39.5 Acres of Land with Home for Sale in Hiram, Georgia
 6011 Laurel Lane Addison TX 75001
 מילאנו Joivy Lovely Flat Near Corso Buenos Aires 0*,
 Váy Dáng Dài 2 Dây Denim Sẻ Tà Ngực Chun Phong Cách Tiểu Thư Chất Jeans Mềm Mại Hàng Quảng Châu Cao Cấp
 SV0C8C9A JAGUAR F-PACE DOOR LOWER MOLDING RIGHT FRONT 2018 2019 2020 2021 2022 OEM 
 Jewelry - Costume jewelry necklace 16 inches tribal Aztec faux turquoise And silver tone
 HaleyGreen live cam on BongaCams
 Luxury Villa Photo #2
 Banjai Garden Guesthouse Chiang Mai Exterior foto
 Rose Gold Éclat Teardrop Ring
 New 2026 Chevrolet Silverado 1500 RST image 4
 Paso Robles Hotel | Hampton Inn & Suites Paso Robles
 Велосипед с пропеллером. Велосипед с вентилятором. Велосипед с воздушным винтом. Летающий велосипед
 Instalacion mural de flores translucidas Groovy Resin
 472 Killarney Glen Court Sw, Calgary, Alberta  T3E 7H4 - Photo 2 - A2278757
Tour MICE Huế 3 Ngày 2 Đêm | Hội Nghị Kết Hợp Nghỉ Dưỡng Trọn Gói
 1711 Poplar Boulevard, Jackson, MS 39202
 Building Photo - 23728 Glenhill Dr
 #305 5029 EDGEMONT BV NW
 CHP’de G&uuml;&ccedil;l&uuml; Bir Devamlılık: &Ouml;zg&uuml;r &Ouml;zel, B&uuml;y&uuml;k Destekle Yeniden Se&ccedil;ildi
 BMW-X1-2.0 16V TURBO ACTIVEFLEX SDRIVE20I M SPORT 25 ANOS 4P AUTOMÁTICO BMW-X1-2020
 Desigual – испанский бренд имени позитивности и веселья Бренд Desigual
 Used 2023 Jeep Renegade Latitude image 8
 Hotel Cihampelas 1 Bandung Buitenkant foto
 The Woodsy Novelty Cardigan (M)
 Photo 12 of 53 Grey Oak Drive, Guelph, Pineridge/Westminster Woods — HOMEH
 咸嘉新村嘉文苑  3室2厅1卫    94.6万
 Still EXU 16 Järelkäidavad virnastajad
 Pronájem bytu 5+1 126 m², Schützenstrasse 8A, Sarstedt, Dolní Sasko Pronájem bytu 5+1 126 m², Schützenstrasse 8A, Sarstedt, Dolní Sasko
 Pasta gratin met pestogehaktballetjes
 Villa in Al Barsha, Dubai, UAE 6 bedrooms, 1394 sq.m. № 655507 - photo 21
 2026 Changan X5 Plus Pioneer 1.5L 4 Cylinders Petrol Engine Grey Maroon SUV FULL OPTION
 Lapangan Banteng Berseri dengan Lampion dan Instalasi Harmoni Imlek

◆ EXERCISE GOAL:
Write the data out again in full and exactly.

◆ COMPLETED EXERCISE:
39.5 Acres of Land with Home for Sale in Hiram, Georgia
 6011 Laurel Lane Addison TX 75001
 מילאנו Joivy Lovely Flat Near Corso Buenos Aires 0*,
 Váy Dáng Dài 2 Dây Denim Sẻ Tà Ngực Chun Phong Cách Tiểu Thư Chất Jeans Mềm Mại Hàng Quảng Châu Cao Cấp
 SV0C8C9A JAGUAR F-PACE DOOR LOWER MOLDING RIGHT FRONT 2018 2019 2020 2021 2022 OEM 
 Jewelry - Costume jewelry necklace 16 inches tribal Aztec faux turquoise And silver tone
 HaleyGreen live cam on BongaCams
 Luxury Villa Photo #2
 Banjai Garden Guesthouse Chiang Mai Exterior foto
 Rose Gold Éclat Teardrop Ring
 New 2026 Chevrolet Silverado 1500 RST image 4
 Paso Robles Hotel | Hampton Inn & Suites Paso Robles
 Велосипед с пропеллером. Велосипед с вентилятором. Велосипед с воздушным винтом. Летающий велосипед
 Instalacion mural de flores translucidas Groovy Resin
 472 Killarney Glen Court Sw, Calgary, Alberta  T3E 7H4 - Photo 2 - A2278757
Tour MICE Huế 3 Ngày 2 Đêm | Hội Nghị Kết Hợp Nghỉ Dưỡng Trọn Gói
 1711 Poplar Boulevard, Jackson, MS 39202
 Building Photo - 23728 Glenhill Dr
 #305 5029 EDGEMONT BV NW
 CHP’de G&uuml;&ccedil;l&uuml; Bir Devamlılık: &Ouml;zg&uuml;r &Ouml;zel, B&uuml;y&uuml;k Destekle Yeniden Se&ccedil;ildi
 BMW-X1-2.0 16V TURBO ACTIVEFLEX SDRIVE20I M SPORT 25 ANOS 4P AUTOMÁTICO BMW-X1-2020
 Desigual – испанский бренд имени позитивности и веселья Бренд Desigual
 Used 2023 Jeep Renegade Latitude image 8
 Hotel Cihampelas 1 Bandung Buitenkant foto
 The Woodsy Novelty Cardigan (M)
 Photo 12 of 53 Grey Oak Drive, Guelph, Pineridge/Westminster Woods — HOMEH
 咸嘉新村嘉文苑  3室2厅1卫    94.6万
 Still EXU 16 Järelkäidavad virnastajad
 Pronájem bytu 5+1 126 m², Schützenstrasse 8A, Sarstedt, Dolní Sasko Pronájem bytu 5+1 126 m², Schützenstrasse 8A, Sarstedt, Dolní Sasko
 Pasta gratin met pestogehaktballetjes
 Villa in Al Barsha, Dubai, UAE 6 bedrooms, 1394 sq.m. № 655507 - photo 21
 2026 Changan X5 Plus Pioneer 1.5L 4 Cylinders Petrol Engine Grey Maroon SUV FULL OPTION
 Lapangan Banteng Berseri dengan Lampion dan Instalasi Harmoni Imlek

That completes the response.